I would go as far as to say that I am a bit of expert when it comes to long distance relationships. Me and the boyfriend have been together for 8 years now and have had multiple periods of separation.
I remember the first time this happened - it's safe to say I was an emotional mess for a fair few months until we found a routine and ways to maintain a strong bond. And in fact, although its a cliche, distance does make the heart grow fonder.
However there has to be some ground rules for it to work *in my opinion*. There needs to be trust. Some sort of timeframe to work with, in terms of a date that you will be reunited and very good communication skills. But it is not impossible to maintain such a relationship and since, we have had many periods of separation, which I actually believe has made our relationship better.
So when I decided to leave London for another country, I assumed that most of my friendships would be secure and workable. But I never really factored in the sheer amount of commitment, to multiple people, that I would have to make. Communication across borders with one person can be tricky, but when you have several friends and family members to maintain relationships with, tricky is the least of your problems.

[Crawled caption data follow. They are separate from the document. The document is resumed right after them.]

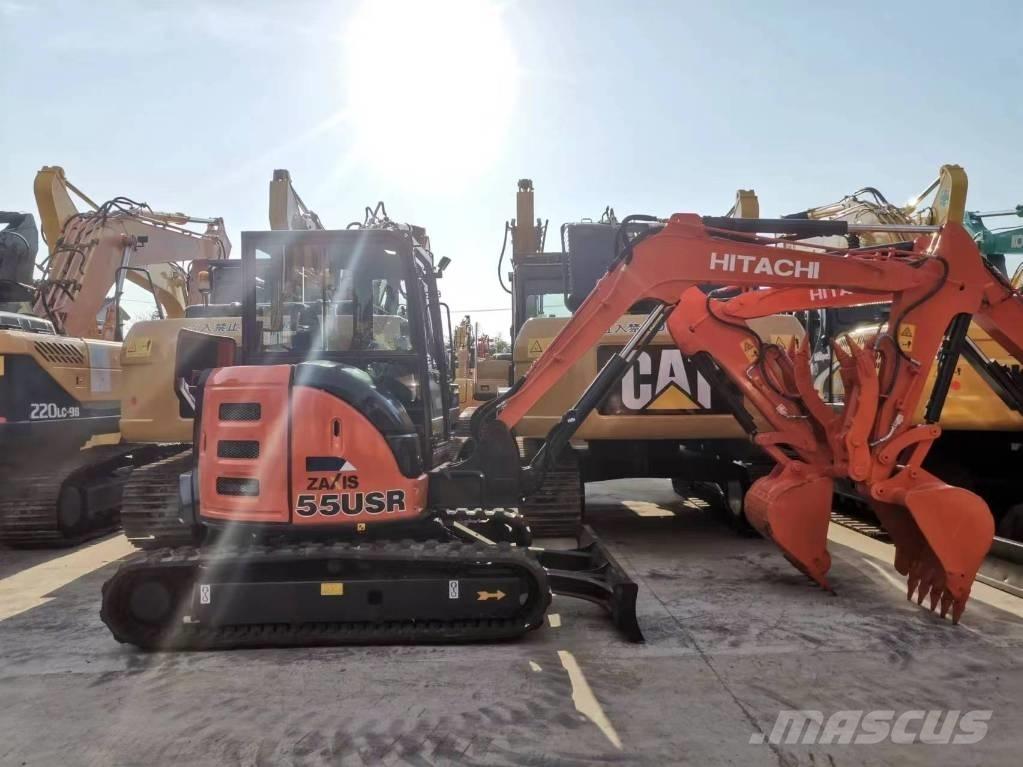 Hitachi ZX 55USR Міні-екскаватори < 7т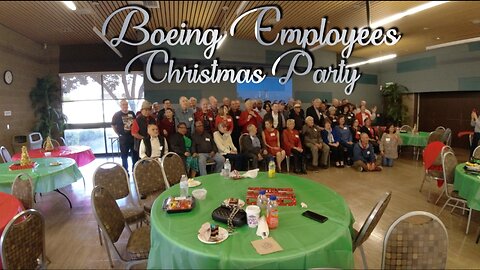 Boeing Employees Christmas Party 2023 | La Palma California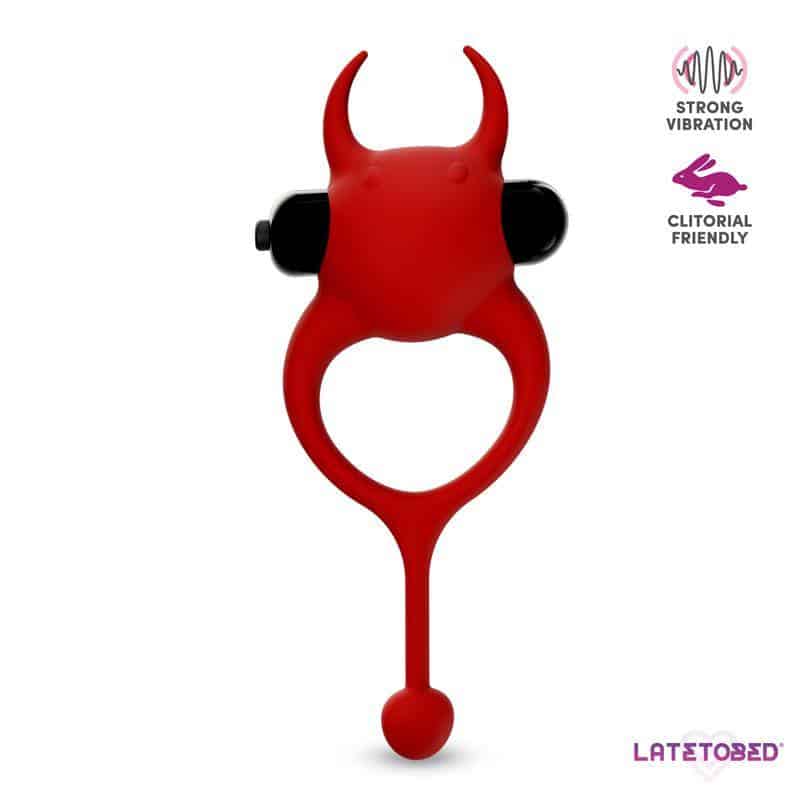 Hornvyl Ball Vibrator Devil Hornvyl Ball Vibrator Devil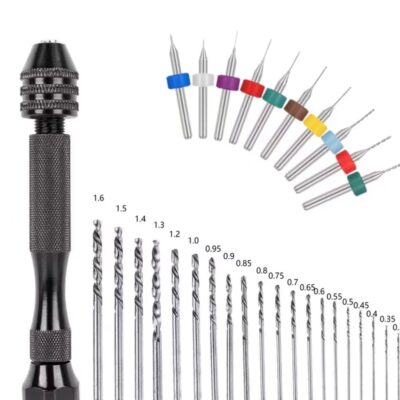 Kent Models Pin Drill Set
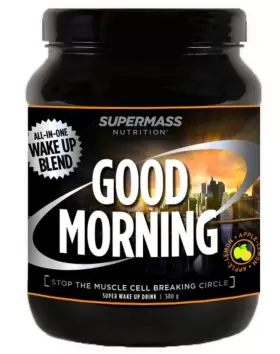 Supermass Nutrition GOOD MORNING 500 g, Apple-Lemon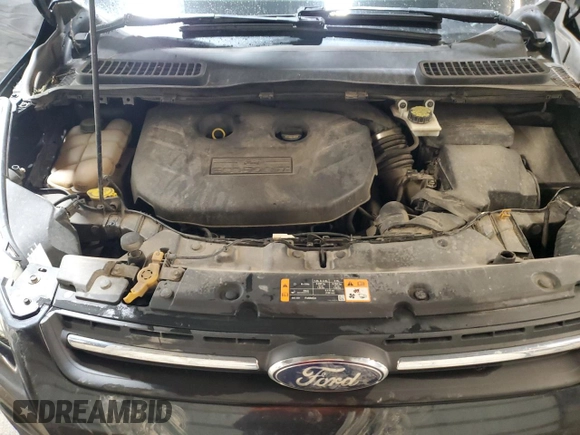 2013 Ford Escape SE with VIN 1FMCU9G91DUD00263, listed as a Copart auction lot 53539085 with 189,495 mi miles and Salvage Title. Bid and sale history available at carsss.com. Image 12.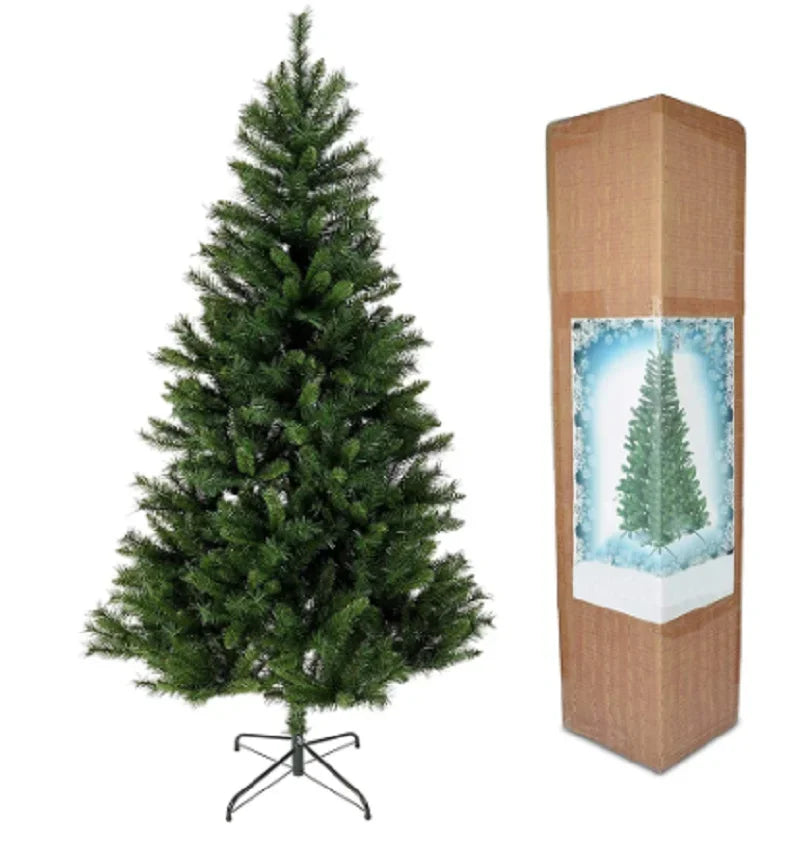 PVC Christmas Tree Encrypted  Artificial Fir Decorative Tree Indoor and Outdoor Christmas Atmosphere Decoration Pieces 0.9m~3m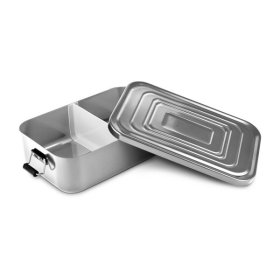 ROMINOX® Lunchbox // Quadra Silber XL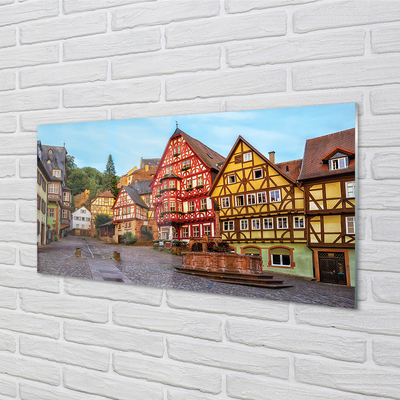 Obraz na skle Germany Staré Město Bavorsko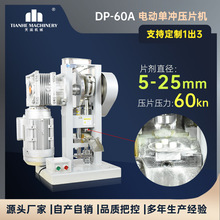 DP60小型泡腾片压片机中药粉末药片机金属粉成型机环形片制片机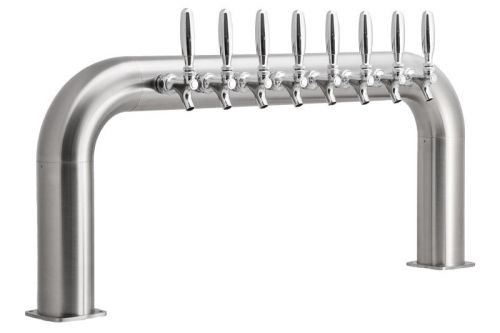 Draft Beer Tower ARC - Glycol Cooled - 8 Faucets - Commercial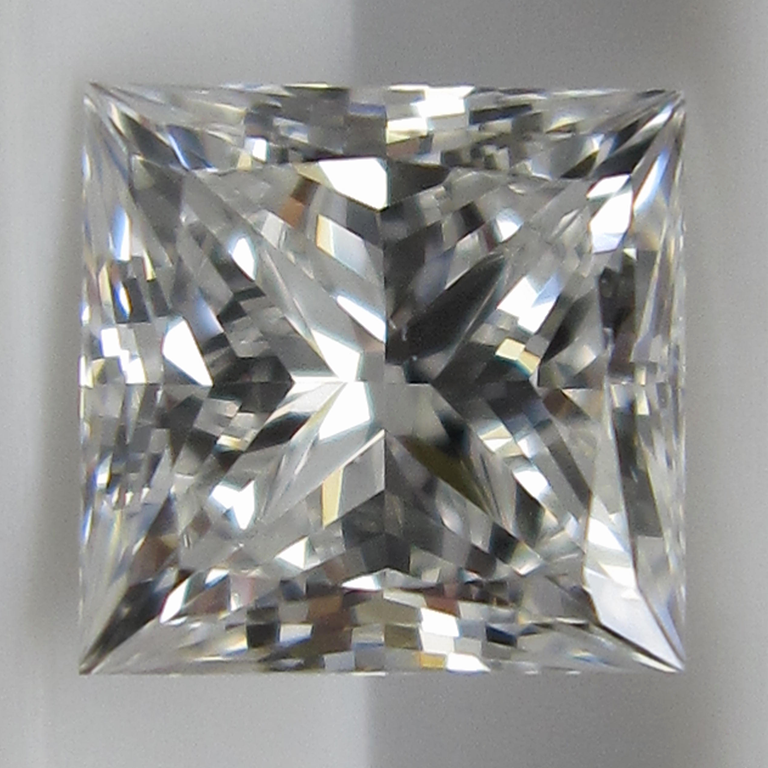 Princess 0.80ct D VS GIA | Earth Created Diamonds | Xennox Diamonds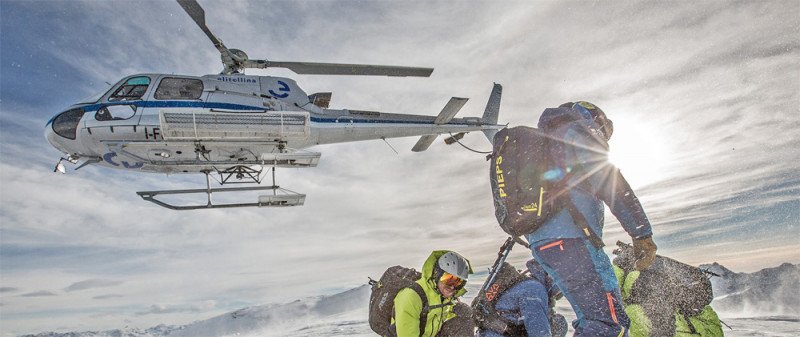 Livigno Lombardia Heliski
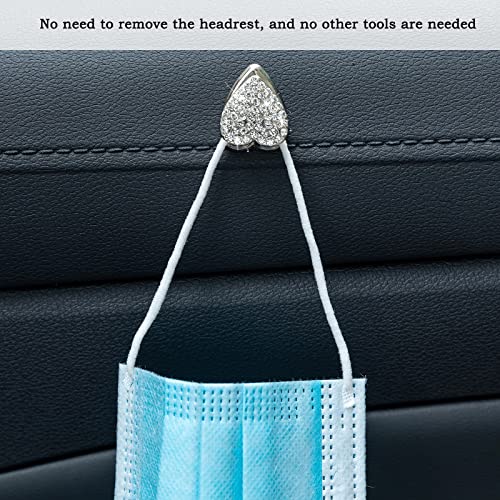 AUXHCYL 12 Pezzi Ganci Auto Sedile Posteriore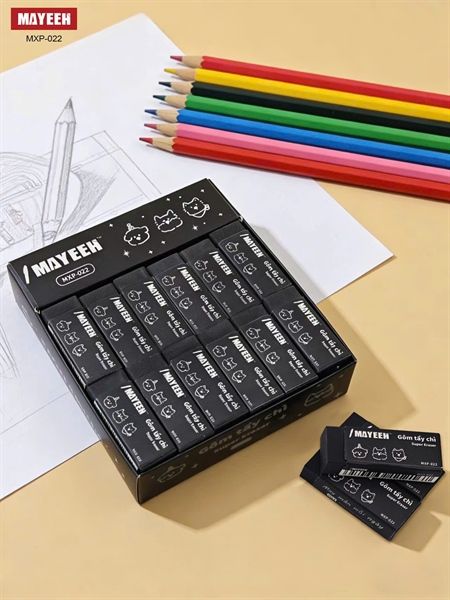 Tẩy chì Mayhee 2B đen MXP-022 (36/1080)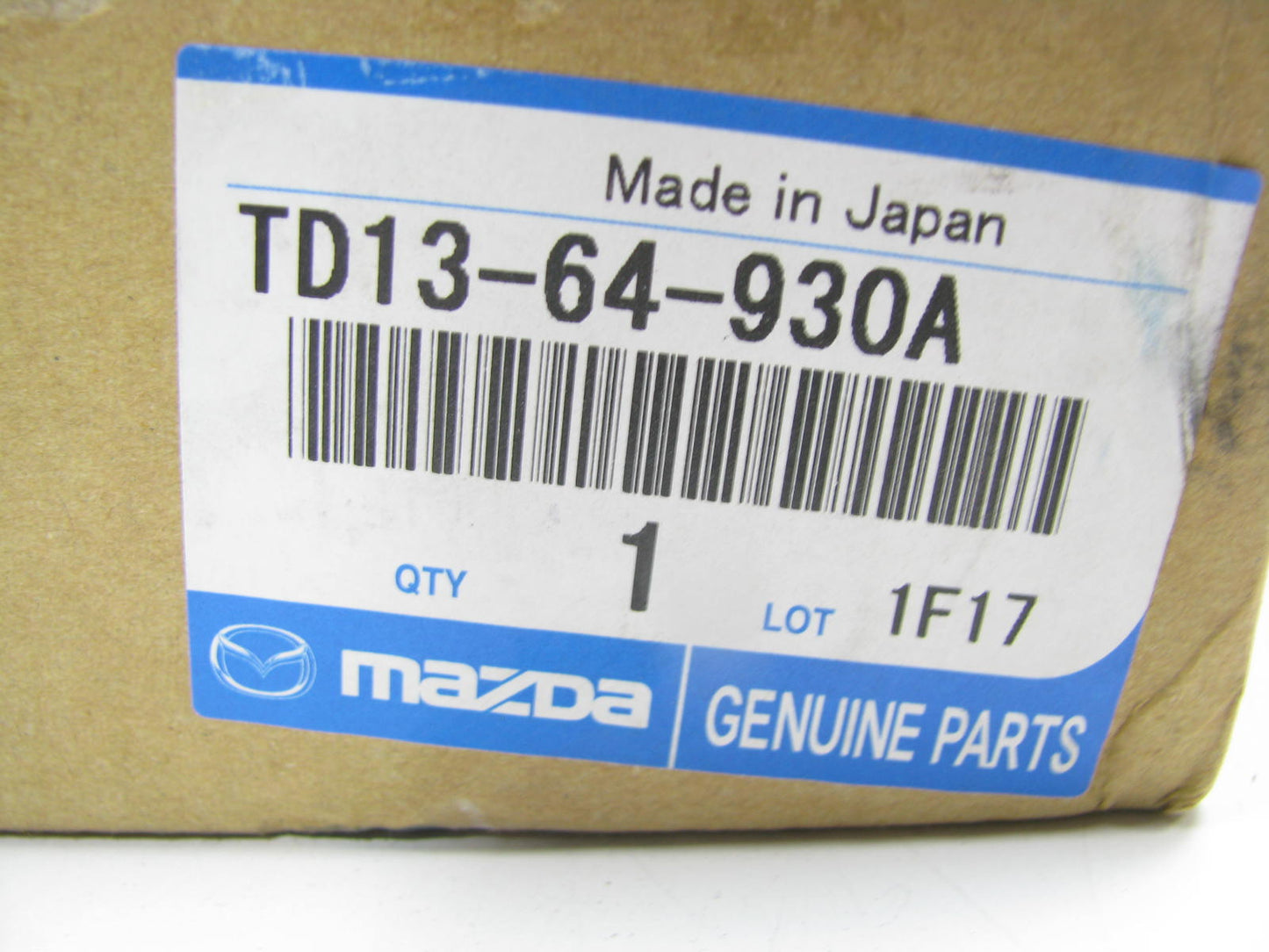 NEW - OEM TD13-64-930A Center Outlet A/C Air Vent For 2007-2009 Mazda CX-9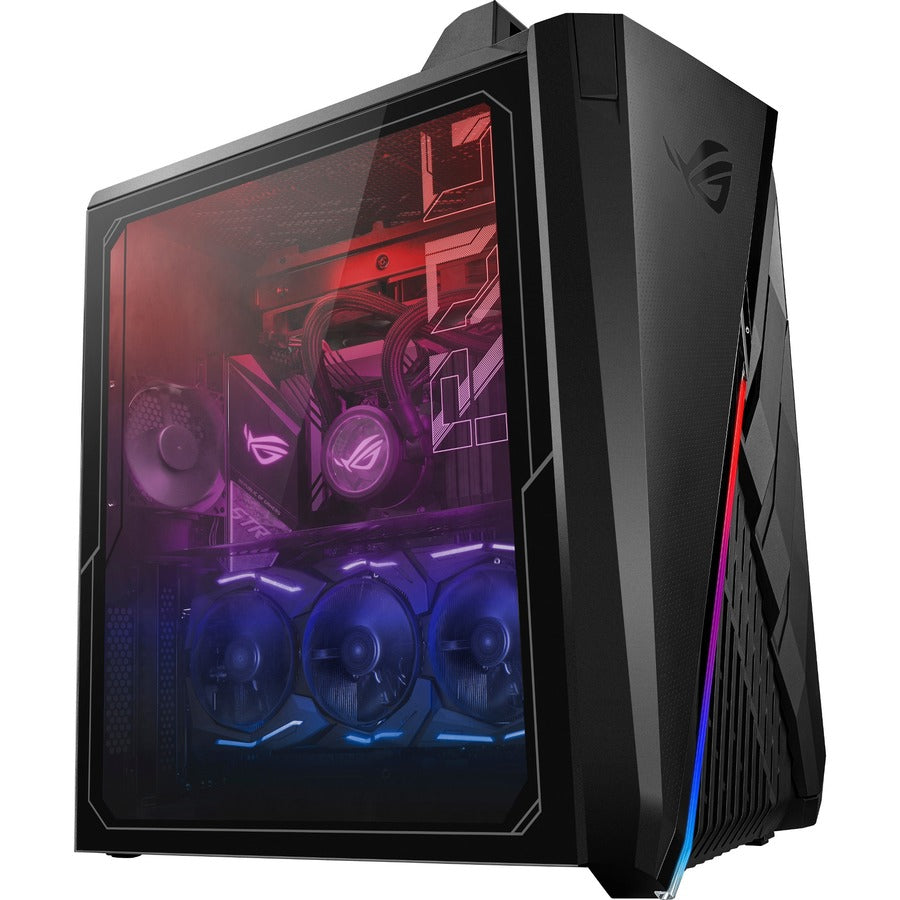 Ordinateur de bureau de jeu Asus ROG Strix GA35 G35DX-DSR990 - AMD Ryzen 9 5900X - 16 Go - Disque dur 1 To - SSD 1 To - Star Black G35DX-DSR990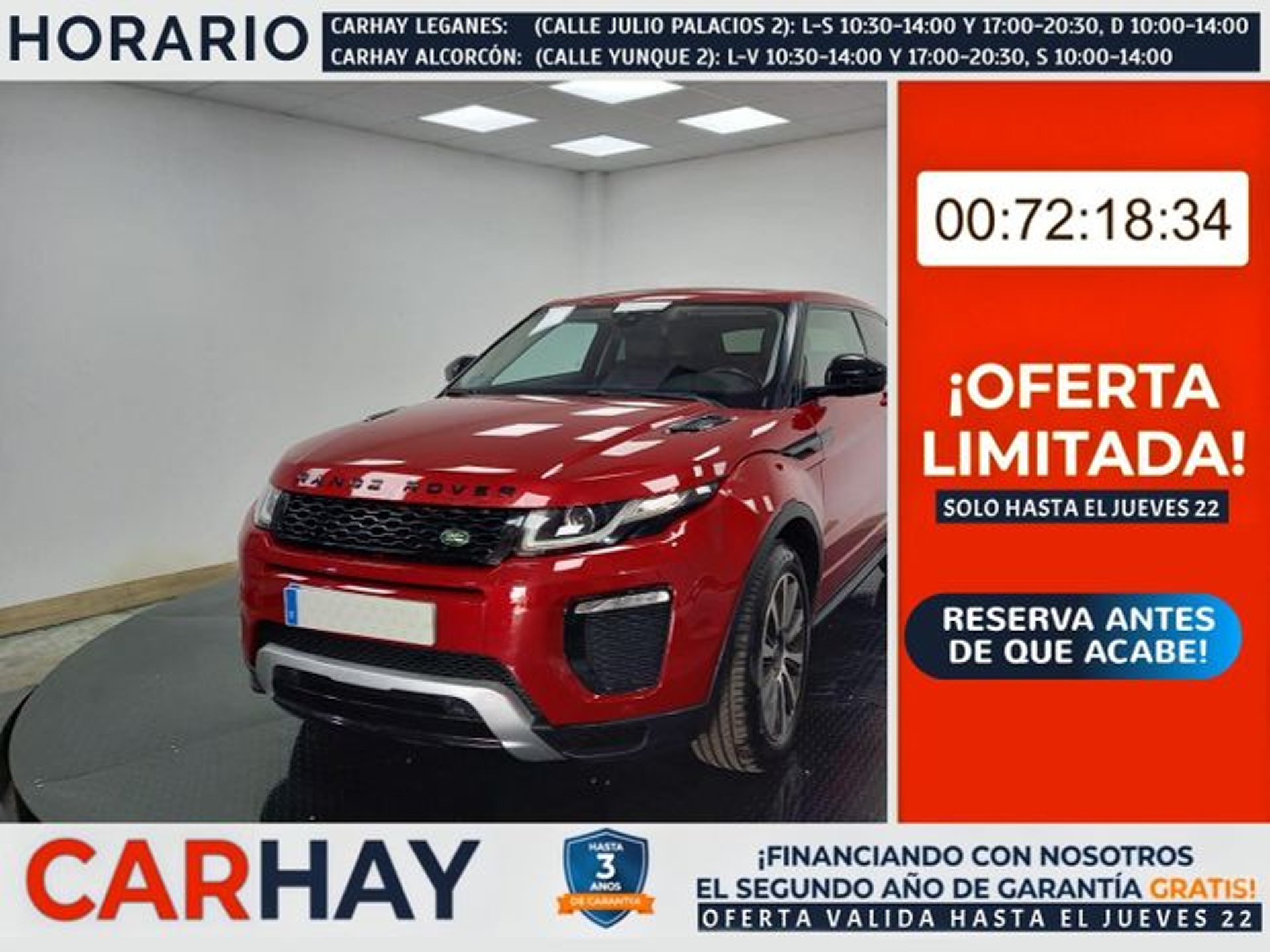 Imagen de LAND ROVER Range Rover Evoque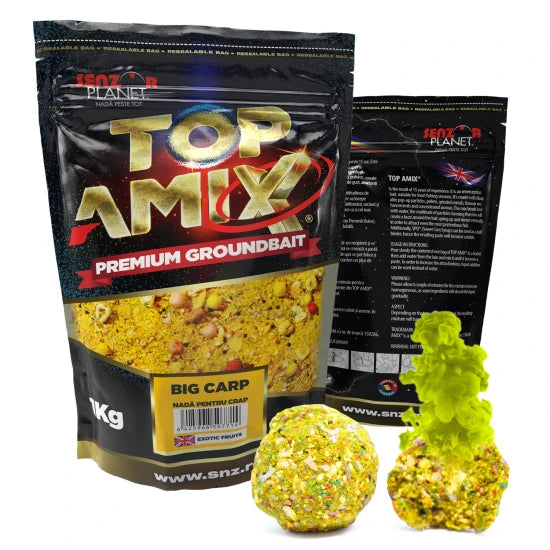 Nada Senzor Top Amix Big Carp, Galben, 1kg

I guess with friends it all comes down to the type of relationship you had in the first place; I have many amazing girlfriends (and boy-friends) in London, who I might not speak to for at least a month, but when we speak, its like no time passed at all.
I think in order to maintain long distance friendships you need to find a balance with each person; something that fits with your existing relationship. And don't get down about being off the communication radar every once in a while.
I had many moments where I felt like I let someone down. Whether it was not being there for a birthday, forgetting to reply to that email or not being free to skype, everyday life easily gets in the way. But, friendships can survive distance with a little bit of effort.
And every time I return to London, I get welcomed back by the amazing faces of friends I love (and miss on a daily basis) and it makes all the effort worthwhile.
I have never done long distance relationships with both the boyfriends and friends simultaneously, but that situation is about to be thrust upon me. Watch this space for how I handle that one.